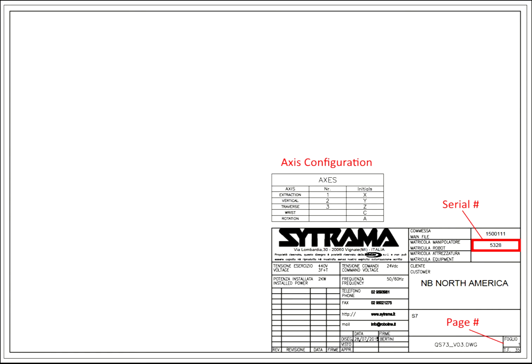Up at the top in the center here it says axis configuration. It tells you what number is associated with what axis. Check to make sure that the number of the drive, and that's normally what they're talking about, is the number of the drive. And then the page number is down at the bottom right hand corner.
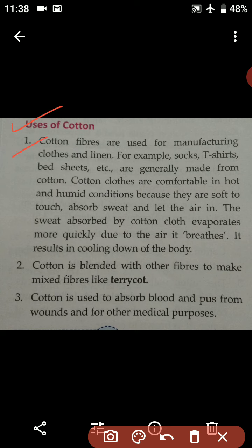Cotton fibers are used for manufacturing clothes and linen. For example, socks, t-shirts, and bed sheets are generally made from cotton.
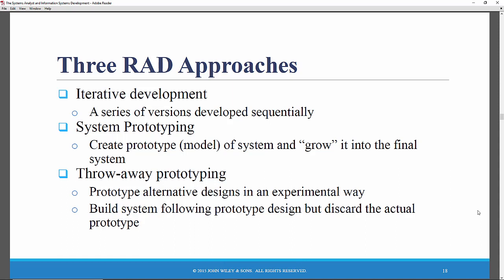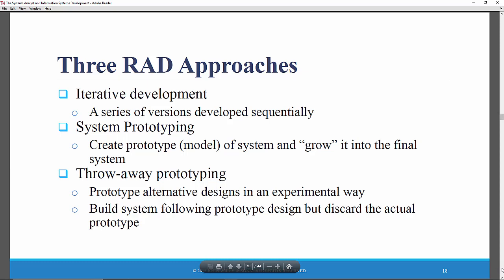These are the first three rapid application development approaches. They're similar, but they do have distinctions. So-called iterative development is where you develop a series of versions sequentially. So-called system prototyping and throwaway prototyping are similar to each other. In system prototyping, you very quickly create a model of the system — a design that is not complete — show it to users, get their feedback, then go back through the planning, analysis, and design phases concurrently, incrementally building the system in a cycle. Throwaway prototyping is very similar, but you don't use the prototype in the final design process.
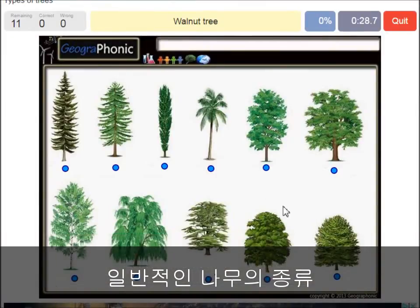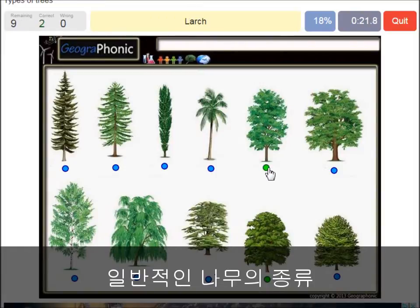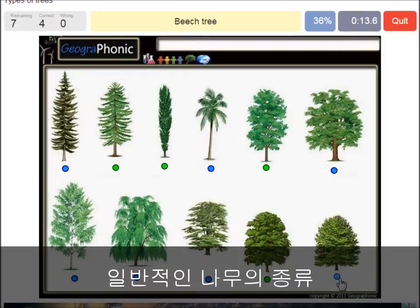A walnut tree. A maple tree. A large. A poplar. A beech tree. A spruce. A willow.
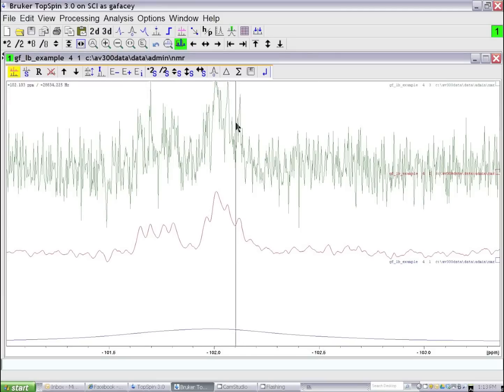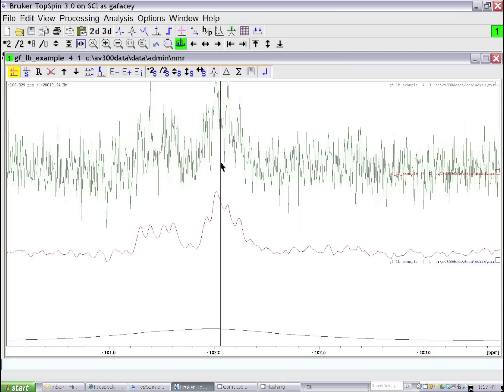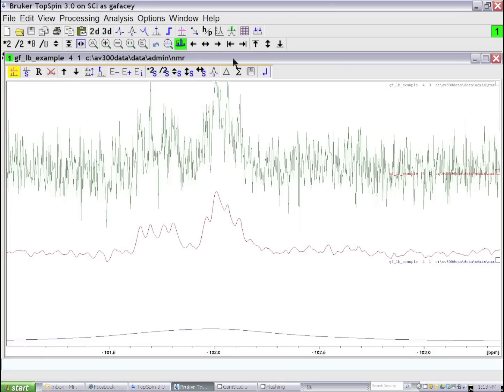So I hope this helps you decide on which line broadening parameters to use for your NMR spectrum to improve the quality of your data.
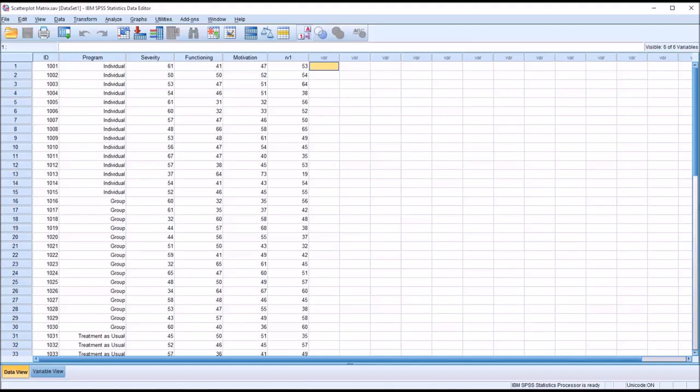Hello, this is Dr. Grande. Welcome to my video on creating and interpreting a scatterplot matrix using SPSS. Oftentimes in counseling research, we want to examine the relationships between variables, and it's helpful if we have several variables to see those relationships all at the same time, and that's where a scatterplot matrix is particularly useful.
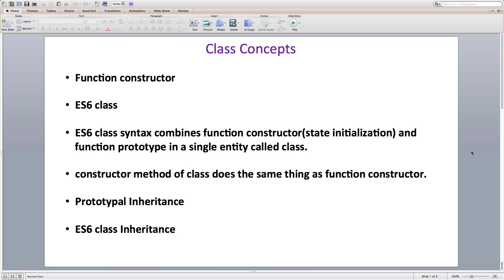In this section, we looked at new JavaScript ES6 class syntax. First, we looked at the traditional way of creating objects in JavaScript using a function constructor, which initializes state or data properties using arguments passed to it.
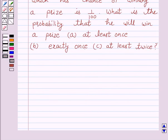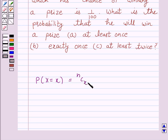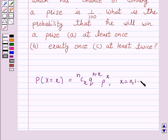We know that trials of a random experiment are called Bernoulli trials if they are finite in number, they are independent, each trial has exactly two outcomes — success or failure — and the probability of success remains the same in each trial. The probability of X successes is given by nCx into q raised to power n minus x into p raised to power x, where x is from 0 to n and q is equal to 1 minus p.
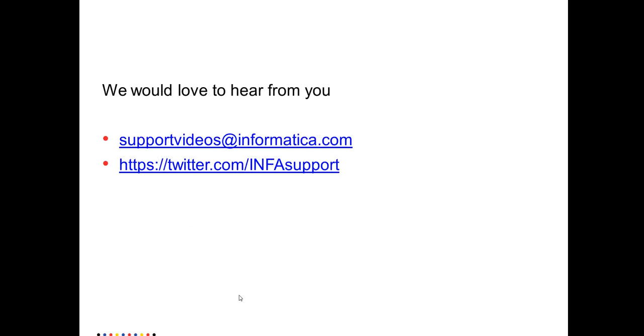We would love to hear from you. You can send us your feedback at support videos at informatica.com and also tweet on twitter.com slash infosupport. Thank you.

#####

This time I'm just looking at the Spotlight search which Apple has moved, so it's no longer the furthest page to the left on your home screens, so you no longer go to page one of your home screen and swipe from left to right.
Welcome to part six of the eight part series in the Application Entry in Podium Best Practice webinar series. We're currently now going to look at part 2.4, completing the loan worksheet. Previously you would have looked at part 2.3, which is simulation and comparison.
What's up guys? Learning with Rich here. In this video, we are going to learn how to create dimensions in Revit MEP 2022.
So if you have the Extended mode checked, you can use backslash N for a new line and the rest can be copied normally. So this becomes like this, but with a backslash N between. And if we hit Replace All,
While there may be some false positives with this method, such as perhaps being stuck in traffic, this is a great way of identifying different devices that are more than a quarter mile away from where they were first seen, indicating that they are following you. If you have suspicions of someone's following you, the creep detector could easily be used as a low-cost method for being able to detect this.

#####

_What the task requires_: Copy the lines above exactly, starting with the line that contains "Up at the top" and ending with the line that contains "So I hope this", and leave out any pictures.

_Result below_:
Up at the top in the center here it says axis configuration. It tells you what number is associated with what axis. Check to make sure that the number of the drive, and that's normally what they're talking about, is the number of the drive. And then the page number is down at the bottom right hand corner.
Cotton fibers are used for manufacturing clothes and linen. For example, socks, t-shirts, and bed sheets are generally made from cotton.
These are the first three rapid application development approaches. They're similar, but they do have distinctions. So-called iterative development is where you develop a series of versions sequentially. So-called system prototyping and throwaway prototyping are similar to each other. In system prototyping, you very quickly create a model of the system — a design that is not complete — show it to users, get their feedback, then go back through the planning, analysis, and design phases concurrently, incrementally building the system in a cycle. Throwaway prototyping is very similar, but you don't use the prototype in the final design process.
A walnut tree. A maple tree. A large. A poplar. A beech tree. A spruce. A willow.
So I hope this helps you decide on which line broadening parameters to use for your NMR spectrum to improve the quality of your data.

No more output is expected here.